1910s German piston aircraft engine

The Argus As I was a four-cylinder, water-cooled, aircraft engine produced in Germany by Argus Motoren from 1911 until about 1913.

The engine saw widespread use in aircraft in pre-war Germany and initially was also sold under the brand name 'Aviatik' of the Automobil und Aviatik AG.
It also was license produced in France by Automobiles Rossel and sold in France under the brand names 'Aviatik' and 'Aviatic-Rossel' by Louis Clément, the local sales representative of the Automobil und Aviatik AG.

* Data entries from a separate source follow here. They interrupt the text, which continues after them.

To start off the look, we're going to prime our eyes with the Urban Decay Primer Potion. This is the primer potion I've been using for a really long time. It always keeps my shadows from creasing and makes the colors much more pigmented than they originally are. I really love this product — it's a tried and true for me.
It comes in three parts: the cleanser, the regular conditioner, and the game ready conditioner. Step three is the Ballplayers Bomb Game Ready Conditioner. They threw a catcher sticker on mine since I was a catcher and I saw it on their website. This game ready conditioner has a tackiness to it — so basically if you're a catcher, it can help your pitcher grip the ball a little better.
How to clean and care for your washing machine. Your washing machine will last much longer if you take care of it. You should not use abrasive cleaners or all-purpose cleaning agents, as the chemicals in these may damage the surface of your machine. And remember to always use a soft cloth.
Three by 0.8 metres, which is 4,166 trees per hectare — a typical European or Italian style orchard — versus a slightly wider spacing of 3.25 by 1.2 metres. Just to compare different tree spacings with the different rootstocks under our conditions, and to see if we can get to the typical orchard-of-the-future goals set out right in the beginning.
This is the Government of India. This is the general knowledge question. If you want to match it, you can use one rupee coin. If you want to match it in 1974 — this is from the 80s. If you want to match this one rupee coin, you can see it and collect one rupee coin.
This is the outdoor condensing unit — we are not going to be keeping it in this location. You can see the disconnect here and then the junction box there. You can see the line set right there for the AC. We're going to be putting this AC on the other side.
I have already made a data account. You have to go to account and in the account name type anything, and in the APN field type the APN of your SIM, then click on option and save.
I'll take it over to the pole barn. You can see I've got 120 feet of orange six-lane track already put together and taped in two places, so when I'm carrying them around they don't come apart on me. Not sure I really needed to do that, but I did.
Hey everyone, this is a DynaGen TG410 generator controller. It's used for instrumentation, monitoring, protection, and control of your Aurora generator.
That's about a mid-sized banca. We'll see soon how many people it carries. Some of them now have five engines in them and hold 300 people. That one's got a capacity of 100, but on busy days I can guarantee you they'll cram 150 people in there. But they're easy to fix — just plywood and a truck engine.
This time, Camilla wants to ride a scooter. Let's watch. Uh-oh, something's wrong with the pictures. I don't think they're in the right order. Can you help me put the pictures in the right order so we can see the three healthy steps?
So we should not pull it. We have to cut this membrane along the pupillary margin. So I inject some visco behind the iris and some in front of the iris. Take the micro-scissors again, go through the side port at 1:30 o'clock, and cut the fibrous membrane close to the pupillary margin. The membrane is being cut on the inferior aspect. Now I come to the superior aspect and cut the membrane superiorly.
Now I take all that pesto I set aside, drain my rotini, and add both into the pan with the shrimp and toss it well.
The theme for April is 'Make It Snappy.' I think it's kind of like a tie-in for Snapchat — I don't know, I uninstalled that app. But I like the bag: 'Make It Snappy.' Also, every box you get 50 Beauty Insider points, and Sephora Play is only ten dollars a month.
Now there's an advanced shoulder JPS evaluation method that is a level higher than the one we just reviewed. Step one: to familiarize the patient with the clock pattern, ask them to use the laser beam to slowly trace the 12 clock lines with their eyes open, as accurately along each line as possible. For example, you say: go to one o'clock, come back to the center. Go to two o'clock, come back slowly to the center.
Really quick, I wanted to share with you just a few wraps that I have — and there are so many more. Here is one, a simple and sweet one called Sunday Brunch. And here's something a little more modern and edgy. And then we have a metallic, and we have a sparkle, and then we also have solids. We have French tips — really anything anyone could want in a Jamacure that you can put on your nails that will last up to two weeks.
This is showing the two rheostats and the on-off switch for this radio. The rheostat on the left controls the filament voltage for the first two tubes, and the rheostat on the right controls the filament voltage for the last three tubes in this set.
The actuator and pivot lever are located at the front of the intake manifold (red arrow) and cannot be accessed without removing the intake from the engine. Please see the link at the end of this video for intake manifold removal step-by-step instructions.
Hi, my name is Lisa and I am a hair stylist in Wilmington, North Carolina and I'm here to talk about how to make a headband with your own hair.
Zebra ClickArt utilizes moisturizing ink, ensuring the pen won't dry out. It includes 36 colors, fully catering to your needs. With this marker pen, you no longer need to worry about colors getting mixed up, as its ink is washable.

==Design and development==
The 100 hp Argus As I first can be found in a 1911 brochure of the Automobil und Aviatik AG.
It had a bore and stroke of 140 mm and was rated 100 hp at 1,250 rpm.
The general design of the engine was the same as the smaller Argus 70 hp four-cylinder engine.

The engine cylinders were of cast iron, cast in pairs of two cylinders, with the cooling jackets integral in the casting.
There were two overhead valves per cylinder, which were operated via pushrods and rocker arms from the camshaft on the left side of the engine.
The intake valves were oriented to the center of each cylinder pair, and their intake ducts were conjoined within the casting into a single external port facing to the left side of the engine.
The intake manifold was made of cast aluminum and a single Cudell-G.A.-carburettor was installed.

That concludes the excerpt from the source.